You’ve probably all read Glenn Greenwald’s withering dissection of a mock scandal ginned up by right-wing bloggers. If you haven’t, you should—the short story is that the fact of a war falling into ignominious failure is driving the apologists to desperate acts of rationalization, and the latest effort to save face involved a fairly inconsequential memo from Iraq that mentioned some temporary difficulties. That memo had to be discredited—I don’t quite see why, even if we were winning I’d expect occasional setbacks—and they turned to their usual tactic of peering at the profane text intently until they could find something that would justify their suspicions—in this case it was the discovery that the logo looked like a picture of a Hummel figurine found on the internet.

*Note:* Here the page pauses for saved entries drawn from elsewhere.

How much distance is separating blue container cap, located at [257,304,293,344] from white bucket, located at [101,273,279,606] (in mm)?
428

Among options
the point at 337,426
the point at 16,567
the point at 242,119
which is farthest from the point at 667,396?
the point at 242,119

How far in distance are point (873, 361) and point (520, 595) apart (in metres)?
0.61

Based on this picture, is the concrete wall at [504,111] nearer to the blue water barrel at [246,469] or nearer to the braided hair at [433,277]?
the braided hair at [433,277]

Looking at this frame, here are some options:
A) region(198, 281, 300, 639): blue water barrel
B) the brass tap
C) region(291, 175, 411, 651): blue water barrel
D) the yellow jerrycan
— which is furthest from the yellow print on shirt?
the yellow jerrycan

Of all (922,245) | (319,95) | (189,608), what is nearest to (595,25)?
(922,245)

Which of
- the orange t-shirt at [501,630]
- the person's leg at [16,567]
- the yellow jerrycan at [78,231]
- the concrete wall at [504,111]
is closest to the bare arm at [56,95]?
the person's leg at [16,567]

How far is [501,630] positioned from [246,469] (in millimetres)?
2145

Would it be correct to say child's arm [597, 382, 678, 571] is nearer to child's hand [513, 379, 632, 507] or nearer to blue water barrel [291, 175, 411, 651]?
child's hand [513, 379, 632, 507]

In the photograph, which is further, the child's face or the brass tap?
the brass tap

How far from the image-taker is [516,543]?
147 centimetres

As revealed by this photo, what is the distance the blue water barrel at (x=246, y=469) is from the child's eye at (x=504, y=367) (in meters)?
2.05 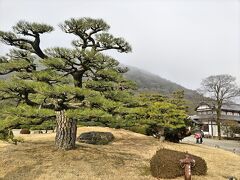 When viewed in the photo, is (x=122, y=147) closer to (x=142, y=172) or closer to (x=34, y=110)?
(x=142, y=172)

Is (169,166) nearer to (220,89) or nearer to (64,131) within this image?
(64,131)

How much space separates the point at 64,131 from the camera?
1384 centimetres

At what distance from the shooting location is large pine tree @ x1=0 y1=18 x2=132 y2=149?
1152 centimetres

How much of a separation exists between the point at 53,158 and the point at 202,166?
6.15 metres

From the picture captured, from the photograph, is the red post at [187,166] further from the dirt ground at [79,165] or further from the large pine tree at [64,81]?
the large pine tree at [64,81]

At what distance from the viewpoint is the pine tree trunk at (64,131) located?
13766 millimetres

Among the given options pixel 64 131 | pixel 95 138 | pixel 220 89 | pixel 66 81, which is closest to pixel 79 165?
pixel 64 131

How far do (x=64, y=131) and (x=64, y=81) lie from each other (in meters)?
2.82

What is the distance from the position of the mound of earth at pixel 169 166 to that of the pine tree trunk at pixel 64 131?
3.91m

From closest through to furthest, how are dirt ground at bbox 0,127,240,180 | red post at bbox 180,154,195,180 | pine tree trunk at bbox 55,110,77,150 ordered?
red post at bbox 180,154,195,180 < dirt ground at bbox 0,127,240,180 < pine tree trunk at bbox 55,110,77,150

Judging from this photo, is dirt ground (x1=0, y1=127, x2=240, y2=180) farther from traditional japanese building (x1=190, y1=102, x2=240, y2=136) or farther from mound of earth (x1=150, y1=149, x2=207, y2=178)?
traditional japanese building (x1=190, y1=102, x2=240, y2=136)

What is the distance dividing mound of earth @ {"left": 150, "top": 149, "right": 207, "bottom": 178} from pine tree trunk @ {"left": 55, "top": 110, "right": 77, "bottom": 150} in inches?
154

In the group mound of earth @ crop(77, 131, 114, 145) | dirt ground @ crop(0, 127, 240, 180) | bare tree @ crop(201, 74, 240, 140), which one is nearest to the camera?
dirt ground @ crop(0, 127, 240, 180)

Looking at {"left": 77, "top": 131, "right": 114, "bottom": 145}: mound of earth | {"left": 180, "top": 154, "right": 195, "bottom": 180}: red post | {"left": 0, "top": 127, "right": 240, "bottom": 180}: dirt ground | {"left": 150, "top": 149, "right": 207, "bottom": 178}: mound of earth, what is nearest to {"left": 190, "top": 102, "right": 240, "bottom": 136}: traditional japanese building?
{"left": 77, "top": 131, "right": 114, "bottom": 145}: mound of earth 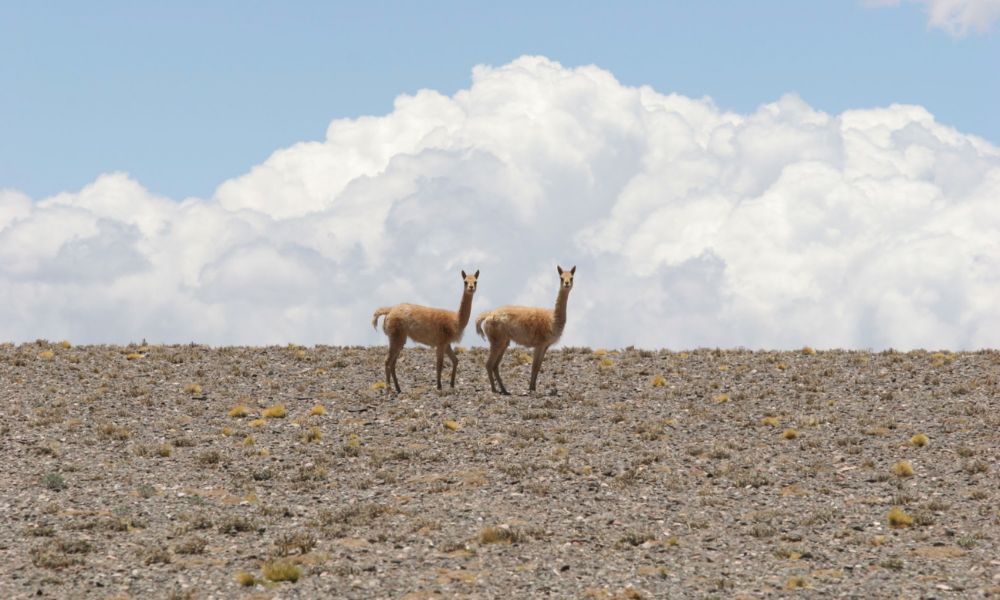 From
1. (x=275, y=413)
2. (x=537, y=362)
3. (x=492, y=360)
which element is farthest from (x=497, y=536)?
(x=492, y=360)

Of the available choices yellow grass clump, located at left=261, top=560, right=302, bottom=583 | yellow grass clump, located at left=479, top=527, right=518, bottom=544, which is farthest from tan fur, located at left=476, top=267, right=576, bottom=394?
yellow grass clump, located at left=261, top=560, right=302, bottom=583

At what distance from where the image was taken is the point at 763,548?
17562 mm

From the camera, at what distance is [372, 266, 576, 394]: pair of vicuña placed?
96.9 feet

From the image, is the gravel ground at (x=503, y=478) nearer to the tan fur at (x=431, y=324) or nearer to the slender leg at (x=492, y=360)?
the slender leg at (x=492, y=360)

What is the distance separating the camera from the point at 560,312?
29484 mm

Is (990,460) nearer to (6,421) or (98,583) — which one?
(98,583)

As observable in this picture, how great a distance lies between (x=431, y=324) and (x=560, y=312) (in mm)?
3653

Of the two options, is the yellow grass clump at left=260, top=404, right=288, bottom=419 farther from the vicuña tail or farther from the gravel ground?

Like an entire cast of Keystone Kops, some of the loudest voices on the right-wing side of the blogosphere stumbled all over themselves to crow triumphantly over this ‘victory’…and then the U.S. Embassy in Iraq cheerfully revealed that the memo was authentic. It would be embarrassing for them if they had any shame.
Personally, I wouldn’t give a damn if that piece of paper were real or fake. The reality of the war does not hinge on the words in one memo or a thousand — the military produces memos like a blizzard produces snowflakes — but on the fact that people are dying. The dead do not walk nor are the wounded made whole if only some far right cheerleader for destruction can find vindication in a scrap of paper. It’s as if they hope their myopia gets even more severe, so the blood in the background will blur out of focus and text on a screen becomes the only reality.